# Bios Bilder/Videos machen?



## moinmoin666 (28. August 2011)

Hiho, ich wollte Fragen, wie es möglich Wäre, das Bild eines PC aufzuzeichnen ohne vorher ein Betriebssystem zu laden.

Es geht darum gute Videos von einem Bios/Uefi zu generieren, aber ohne, dass ich meinen Bildschirm abfilme.
Am liebsten wäre mir ein "Kasten" der an das MaBo angeschlossen wird, dann noch nen ausgang zu meinem Monitor hat und per USB Platte alles aufzeichnet, was ich da  so drücke etc.

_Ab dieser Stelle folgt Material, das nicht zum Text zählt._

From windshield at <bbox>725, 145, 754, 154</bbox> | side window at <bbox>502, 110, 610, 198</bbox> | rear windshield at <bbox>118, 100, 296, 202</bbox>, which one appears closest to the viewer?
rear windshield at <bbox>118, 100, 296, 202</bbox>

Wäre Klasse, wenn wer eine Idee hat, was das für ein Kasten sein könnte, ich kann mir gut vorstellen, das es so etwas schon gibt...aber für Google hab ich leider nicht die passenden "Suchwörter" gefunden.


----------



## -Phoenix- (28. August 2011)

Moin
das müsste mit einem Festplattenrecorder funktionieren. Such mal danach wie man PS3 oder Xbox Videos aufnhemen kann, vll hilft das.


----------



## moinmoin666 (28. August 2011)

ICh hab schon was gefunden, leider alles mit Komponent-Kabeln, sowas habe ich natürlich nicht an meinem PC.

Hauppauge HD PVR

So was in der Art habe ich mir auch vorgestellt, aber es sollte schon ein HDMI/DVI Signal  verarbeiten können... da gibt es ja gar nix... zumindest konnte ich nix finden (bis jetzt).


----------



## King_Sony (31. August 2011)

Sollte das sein was du suchst: Blackmagic Design: Intensity


----------



## moinmoin666 (31. August 2011)

Wenn man sich die AMAZON REview durchließt, dann will ich genau sowas nicht haben:

Amazon.com: Customer Reviews: Blackmagic Design Intensity Shuttle for USB 3.0 Computers, Capture and Playback Professional Quality HDMI and Component Analog Video in Both SD and HD (Requires x58 based computer or better)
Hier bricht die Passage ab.